I'm out :witch: caught me off guard and arrived 4 days early :cry: I was't expecting it. I'm ok just a little disappointed however we didn't :sex: during my fertile cycle as I was struck down with a sickness bug. Good luck to everyone else still in the running :flower: ​


----------



## turtlemomma

Mama Duck- So sorry! :hugs:


----------



## BabyBean14

That sucks, mama duck! :hugs:


----------



## lalala77

:hugs: So it is an early start for next cycle:thumbup: stay positive Mama D...big hugs:serenade:


----------



## BabyBean14

.


----------



## ghanagirl

So sorry MammaD. Sending fertile thoughts your way for next month. Milty, i caved in and tested today. BFN, but no sign of AF yet n last night i wad so nauseous i slept with a box of crackers by my bed. I think im gonna call my ob/gyn and be seen. Think ive got bv too. Cranky, itchy, weepy, burny, backache, nauseous kinda day today...sigh.


----------



## Mama Duck

Feel like crap, this month's :witch: is the worst one I've ever had (normally I breeze through them but this one is going to be test me),seems to be a quite a heavy flow with some tiny clots (which is most unusual). Just feeling really bleugh today. Good luck to those still waiting to test x


----------



## smarties75

Congratulations to our 2 BFP's. To us who got caught by the witch, good luck on our next cycle. FX to all who are waiting to test this month. xx


----------



## GreenOrchid

Let's keep those bpfs coming in! :thumbup:


----------



## BabyBean14

.


----------



## Babybeanjan27

Hey everyone! I will be testing on the 17th :) Good luck to you all for your sticky beans!!! *hugs*


----------



## Mama Duck

https://i116.photobucket.com/albums/o16/tinks2648/Welcome/happyfacewelcome.gif

Babybeanjan27 :flower:​


----------



## BabyBean14

.


----------



## luckylecky

:hugs: Kismet. I had the urge to POAS and it was as white as the driven snow! I'm not sure what DPO I am, I didn't have sticks for my CBFM. At the moment I'm feeling knackered and want to murder my husband so I'm also on AF watch too!


----------



## GreenOrchid

:hugs: Kismet :hugs:

lucky, hang in there girl :hugs: We all want to end them sometimes!! :haha:


----------



## BabyBean14

.


----------



## lalala77

Mama D...I heard is is healthy to have heavy af...it completely sheds that lining...must have been a nice thick lining. Fx'd for you this next cycle! Hugs....hang in there...ibuprofen helps...hope you feel better


----------



## ghanagirl

Well, looks like im out this month, the witch got me.


----------



## BabyBean14

.


----------



## turtlemomma

So sorry AF ladies- that witch is really making the rounds today. :( 

GL and FX to those ladies on witch watch! :af:

AFM- look at that dip today! I would think implantation except I think I'm actually 7 or 8 dpo... that means we didnt bd in my fertile window. Has anyone experienced a temp dip like this without a pregnancy? Way too early for AF...


----------



## Mama Duck

:hugs: to all that need them xxx​


----------



## BabyBean14

.


----------



## Mama Duck

:hugs: kismet​


----------



## turtlemomma

Temp back up today. 'phew'! Was getting worried AF might pay me a surprise visit! 

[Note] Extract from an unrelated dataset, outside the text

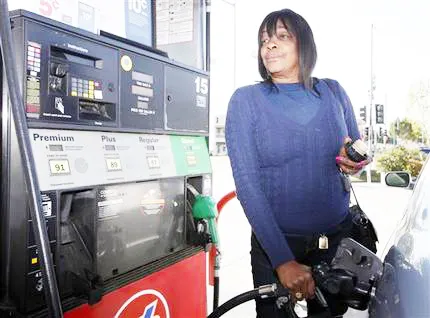 woman pumping gasoline into her car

kismet- thats great that your lp is 14 days! Woo hoo! Coming from someone who's gone from 9/10 to 12, I know how good it feels to add a day or two! Sorry youre feeling low. :hugs:


----------



## BabyBean14

.


----------



## pbl_ge

Forgot to update this thread when the :witch: came, as expected. CD3 now. Mama, are you thinking of hosting a January thread? You're good at this! I'm getting serious for this month!!!


----------



## Ceilani

Hi ladies, well, she was a day late but AF arrived. I'm out for the month.


----------



## luckylecky

I'm out. That was the shortest cycle ever, 22 days, weird.


----------



## BabyBean14

.


----------



## Mama Duck

:hugs: Ceilani & luckylecky 



pbl_ge said:


> _ Mama, are you thinking of hosting a January thread? You're good at this!_

IWhy thank you :cloud9: If nobody else wants to do the January thread then I will be more than happy to host it :thumbup:​


----------



## pbl_ge

Awesome! I guess the alternative is to rename this thread and continue on. Your call! :thumbup:

:hugs: to Lecky and Ceil for AF. :hugs:


----------



## BabyBean14

.


----------



## chickenchaser

Kismet sorry she got you but great news on the LP. Incidentally it is meant to be lucky to BD at the I laws. X


----------



## turtlemomma

Kismet- maybe you and dh should go for a little "drive" while youre at the in-laws... then park somewhere dark and have a fun in the car like sneaky teenagers!


----------



## sowanted

I'm out: Flo arrived last Thursday, day of our first fertility clinic appt.

And not sure I'll test in January...depends on results from testing we had done. It's not looking good for us (tears).

Good luck to all.


----------



## BabyBean14

.


----------



## turtlemomma

sowanted said:


> I'm out: Flo arrived last Thursday, day of our first fertility clinic appt.
> 
> And not sure I'll test in January...depends on results from testing we had done. It's not looking good for us (tears).
> 
> Good luck to all.

:hugs:


----------



## BabyBean14

.


----------



## Mama Duck

pbl_ge said:


> Awesome! I guess the alternative is to rename this thread and continue on. Your call! :thumbup:

As long as that is ok with everyone then I would love to host January's thread. Will do that once the last lady has got her result x


----------



## BbWishin

:hugs: to everyone who had the :witch: arrive. 

ASM I have poas pretty much every day - first to test out the trigger shot and when that was finally out switched over to the hpt. Well yesterday I got a very faint line, so I did two more today and they were darker! I told DH and he said lets not get too excited until after you get the "official" test from the Dr's office. I will see if I can go in on Wednesday since that is two weeks after are IUI. Will keep you all updated!

But I do have to admit I feel guilty about my minor celebration with so many mourning this weekend. I hope that everyone has a holiday season where they can spend it with their loved ones whether it be family or friends and remember how precious life really is. Sorry for the sappiness.


----------



## BabyBean14

.


----------



## smallhelen

BbWishin said:


> But I do have to admit I feel guilty about my minor celebration with so many mourning this weekend. I hope that everyone has a holiday season where they can spend it with their loved ones whether it be family or friends and remember how precious life really is. Sorry for the sappiness.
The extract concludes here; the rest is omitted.